If Bill C-31 passes, the Minister of Citizenship and Immigration, Jason Kenney will be able to create a list of “designated” countries, presumed safe. People from these designated countries will not have the right of appeal. In a brief to parliamentarians, Rainbow Refugee states, “A “safe” country list cannot accommodate the current state complexity and flux in persecution and protection of lesbian gay gi trans (LGBT) people. Extreme forms of homophobic and transphobic violence often co-exist with constitutional protection for LGBT people on paper, particularly in newer democracies. South Africa recognizes same-sex marriage. Yet, human rights organizations there report ten cases a week in which lesbians have been targeted for “corrective rape” and police have done nothing to investigate.”   As Rainbow Refugee founder Chris Morrissey argues “It is precisely when country conditions appear safe on paper that LGBT refugee decisions are most complex, and the safety net of an appeal is most critical.”

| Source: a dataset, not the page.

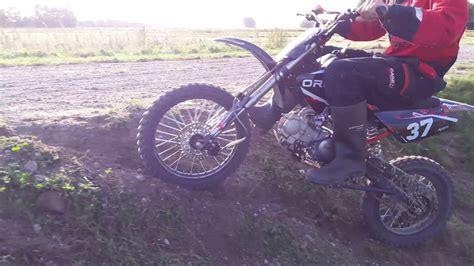 Pitbike Orion 125cc En Een Lifan 125cc YouTube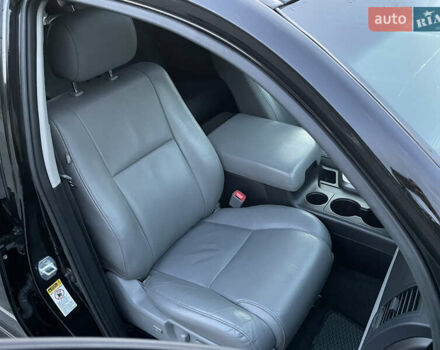 Черный Тойота Секвойя, объемом двигателя 5.66 л и пробегом 188 тыс. км за 30900 $, фото 24 на Automoto.ua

Research on LGBT refugee settlement conducted by Dr. Sharalyn Jordan, Assistant Professor of Counselling Psychology at Simon Fraser University, and an active member of Rainbow Refugee, suggests that the expedited timelines proposed in Bill C-31 may undermine the ability of LGBT claimants to present their case. Jordan points out “LGBT refugees have left countries where they have been under surveillance, arrested, imprisoned, extorted, assaulted, and for some, tortured, because of their sexuality or gender identity. Survival has required remaining hidden and vigilant.  These survival tactics do not disappear on arrival. Shame related to stigma, and the impacts of sexual trauma can interfere with claimants’ ability to give a clear, coherent account.” Proving a sexual orientation or gender identity that they have struggled to keep secret is challenging for LGBT claimants. Rainbow Refugee remarks that refugee claimants have been sent back to harm because they have been unable to prove their identity, or demonstrate that the harms they face constitute persecution. Bill C-31 shortens the time refugee claimants have to prepare a written claim from 28 days, to 15 days.  Hearings will be scheduled only 30 days later for people from designated countries, and 45 days later for others.  The expedited time-frame proposed in the background to C-31 will not give LGBT claimants a fair chance to obtain competent legal counsel, prepare themselves, or their evidence. Rainbow Refugee fears that many LGBT claimants will be inadequately prepared for hearings, resulting in poor decisions and unfair rejections.

Humanitarian and Compassionate consideration is an important means of protecting people who are in danger, but whose circumstances may not meet the criteria for Convention Refugee protection.  This is the case for people fleeing homophobic or transphobic violence in countries where protection for LGBT persons is uneven and hard to access. However, Bill C-31 eliminates this safety net by placing a 12 month Ban on applications for permanent residence on humanitarian and compassionate (H&C) grounds and Pre-Removal Risk Assessment for refugee claimants who receive a negative decision.